▸ **EXERCISE BRIEF**:
Copy each entry below exactly. No images.

▸ **DATASET EXTRACT**:
******************************

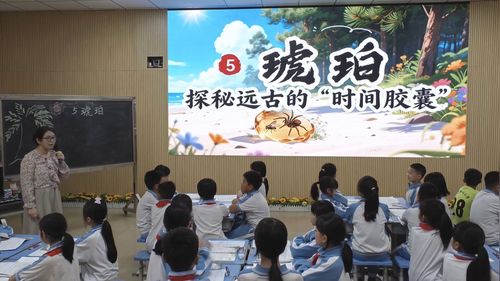 《琥珀》部编版四下语文2026小学语文主题教研活动展示课视频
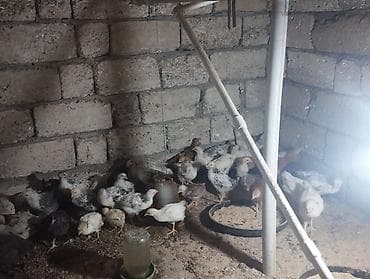 С/х животные и товары: Куриные цыплята, Для разведения — 2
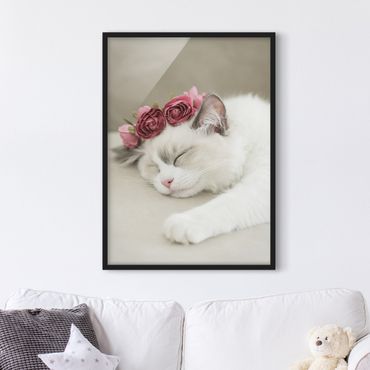 Framed poster - Sleeping Cat with Roses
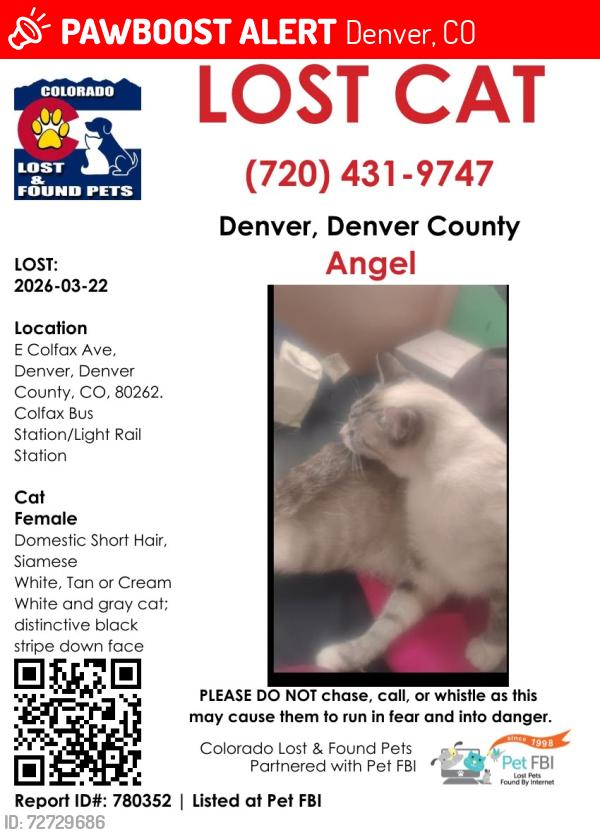 Lost Female Cat last seen Colfax station , Denver, CO 80204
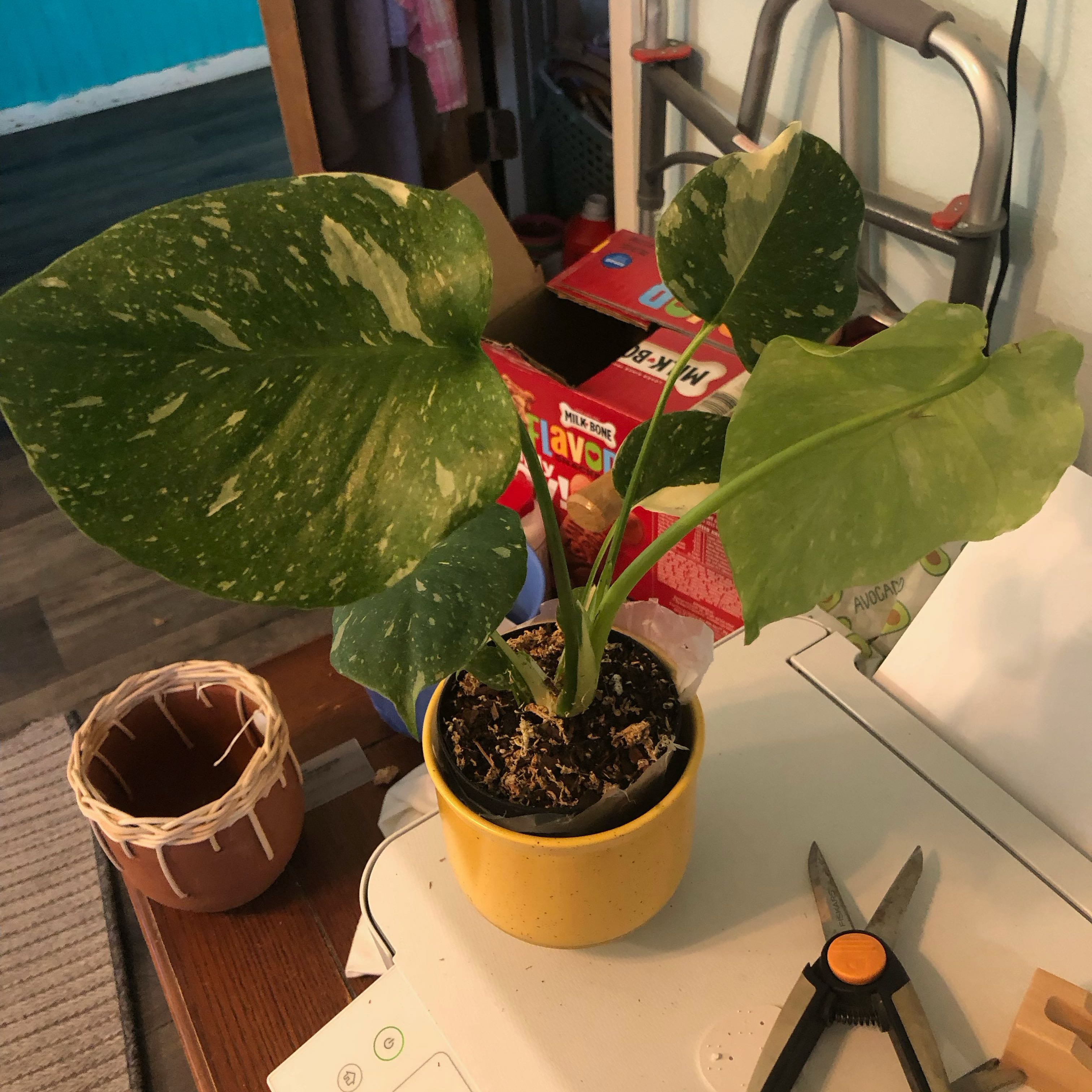 Photo of the plant species monstera Thai Con by @ConfidentRimu named Mike on Greg, the plant care app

******************************

▸ **RESPONSE TO THE EXERCISE**:
 《琥珀》部编版四下语文2026小学语文主题教研活动展示课视频
 С/х животные и товары: Куриные цыплята, Для разведения — 2
 Framed poster - Sleeping Cat with Roses
 Lost Female Cat last seen Colfax station , Denver, CO 80204
 Photo of the plant species monstera Thai Con by @ConfidentRimu named Mike on Greg, the plant care app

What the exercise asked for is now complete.